The Wisconsin Supreme Court has set a June 6 hearing date to review a ruling by Dane County Circuit Judge MaryAnn Sumi striking down a new state law stripping most public workers of collective bargaining rights.

Sumi’s decision to void anti-worker legislation passed by the legislature March 11 was based on procedural violations of the Wisconsin open meetings law, which requires a 24-hour notice and other specific public meeting requirements. The snap meeting convened by state Republicans on the evening of March 9 to approve the bill did not meet these conditions.

Meanwhile, Republican state legislators are considering inserting the anti-worker legislation in the pending budget bill.
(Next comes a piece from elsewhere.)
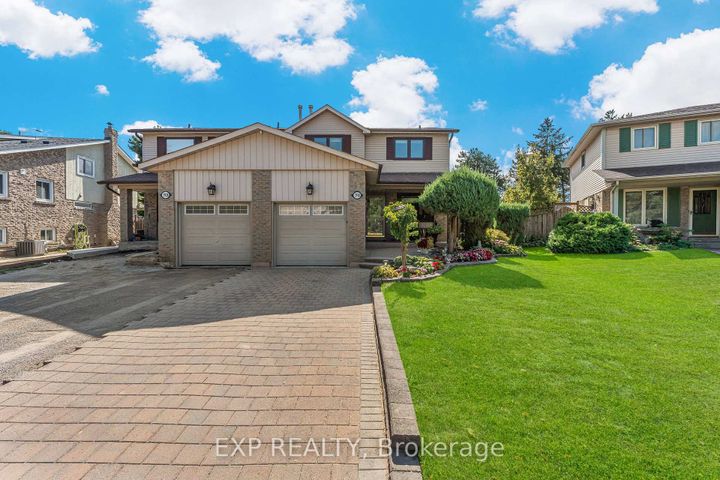 Photo 2 at 2930 Oslo Crescent, Meadowvale, Mississauga
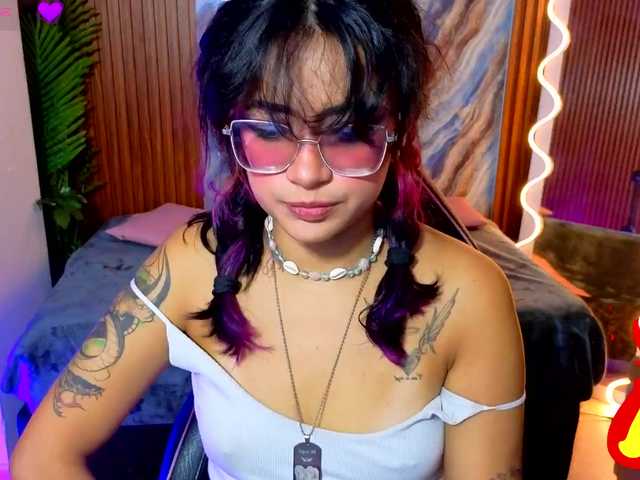 Kristen-tay live cam on BongaCams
If Republicans are successful in rolling the collective bargaining segment into the budget, they may able to circumvent the court challenge entirely.

During the months of February and March, the state of Wisconsin was engulfed by protests of workers and students who opposed budget cuts and the attack on workplace rights. The hundreds of thousands who assembled in opposition to Wisconsin Republican Governor Scott Walker’s “budget repair bill” expressed demands and sentiments of workers not just in Wisconsin, but throughout the US and internationally.

The unions demobilized these powerful protests, diverting opposition to Walker’s anti-worker legislation into a toothless campaign to recall Republican legislators and replace them with Democrats. This under conditions where Democrats made it clear they backed Walker’s demands for massive wage and benefit concessions from public employees along with spending cuts to close the budget deficit.

The strangling of the movement has provided a green light to the political establishment in Wisconsin, led by Walker, to finalize an unprecedented assault on the education system, health care benefits, and the take-home pay of more than 300,000 public employees.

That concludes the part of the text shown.